Increased swipe fees could also lead to enhanced credit-card rewards programs

If Discover’s payment network becomes a more powerful player thanks to the Capital One deal, there’s a chance that Visa and Mastercard might raise their swipe fees, said Lulu Wang, a finance professor at Northwestern University’s Kellogg School of Management. Raising swipe fees increases the amount that card issuers can collect on those charges too, offering an incentive to continue using their payment network, he said.

“The most likely effect of this is potentially higher fees on merchants,” Wang told MarketWatch. “This makes it such that Visa and Mastercard are going to face pressure to raise fees on merchants to keep banks like Capital One onboard their network.”

A swipe fee only kicks in if a consumer wants to swipe their credit card. There’s a link between higher swipe fees for merchants and more rewards for credit-card users, Wang has found.

Credit-card companies have said the revenue from swipe fees helps them provide the airline miles, dining points and other perks that so many cardholders enjoy — giving card users incentive to swipe while also boosting the swipe fees that issuers collect.

So if swipe fees rise, Wang said it’s reasonable to think credit-card reward programs could improve for consumers.

If businesses absorb any increased swipe fees, that’s a win for consumers, he noted. If businesses pass along the costs, credit-card users win by accessing the higher rewards, but cash users have nothing but higher prices to pay. 

How the Capital One-Discover deal relates to the Credit Card Competition Act

Doug Kantor, an executive committee member at the Merchant Payment Coalition, thinks the Capital One-Discover deal would have a minimal impact on the current swipe fee landscape. Instead, he sees the acquisition as a way for Capital One to prepare for new credit-card regulation taking shape in Congress that targets those interchange charges.

“It seems more geared toward Capital One getting ready for the Credit Card Competition Act,” he said, referring to the legislation proposed by Sen. Dick Durbin, a Democrat from Illinois, last summer.
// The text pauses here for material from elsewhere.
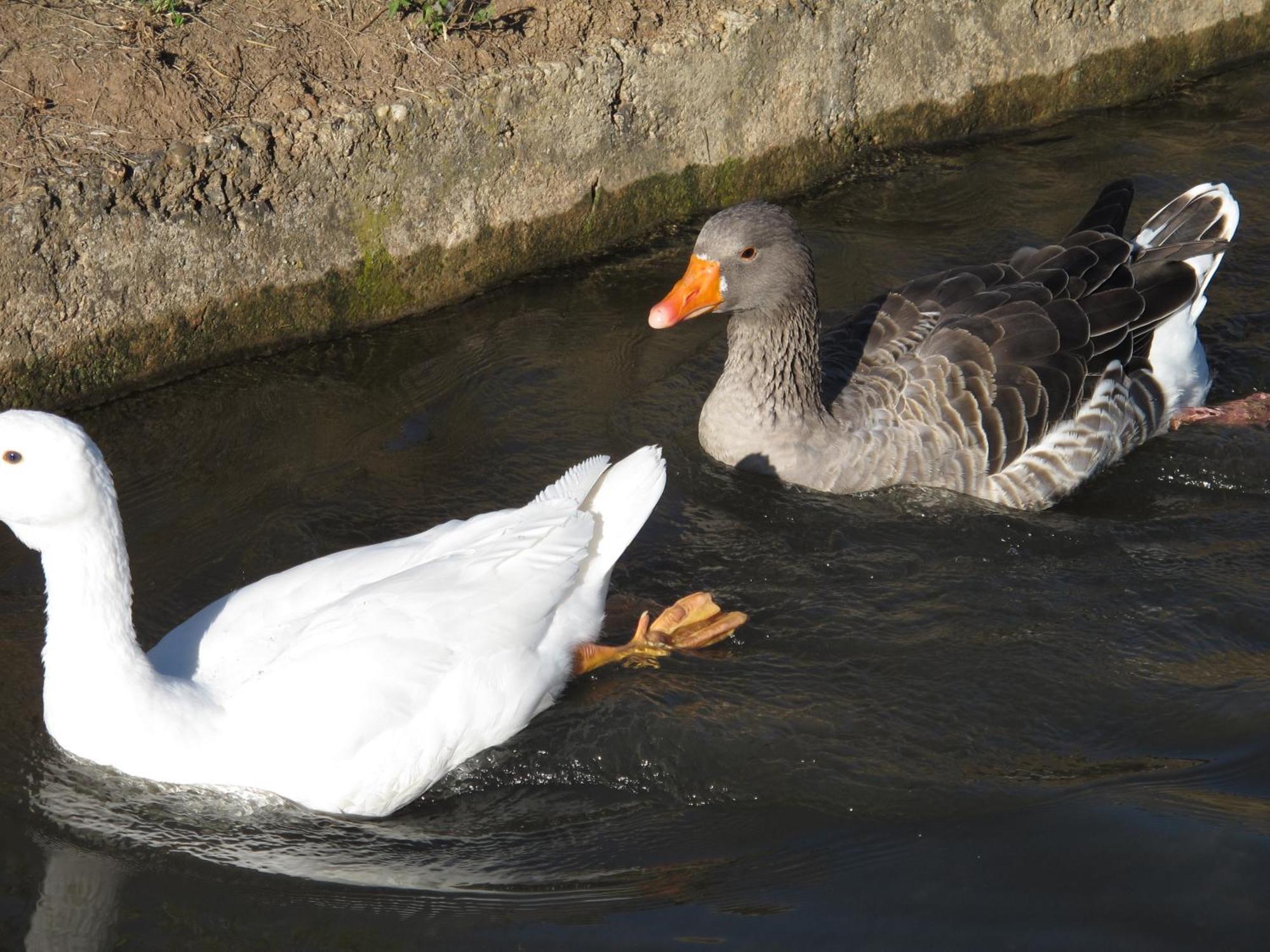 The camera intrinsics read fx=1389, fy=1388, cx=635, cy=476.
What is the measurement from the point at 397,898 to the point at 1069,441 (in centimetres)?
373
The proposed law targets Visa and Mastercard and would require credit-card issuers to offer merchants at least two networks over which they could opt to process payments — one of which couldn’t be the two largest.

Airlines, travel firms and financial institutions have argued that the bill would place unnecessary restrictions on processing and would ultimately scrap credit-card rewards programs by dinging issuers’ profits.

The bill won two new bipartisan cosponsors last week and is gaining some “big momentum,” Kantor said. 

Ed Mierzwinski, senior director of U.S. PIRG’s federal consumer program, expects Capital One’s acquisition to face “incredible scrutiny” from lawmakers and regulators.

“In the short run, the biggest question is: What will Senator Durbin do?” he said. 

If the bill does pass, having its own payment network over which to process some cards could offer Capital One a key advantage, Wang said. 

“This merger is great insurance against that law,” he said.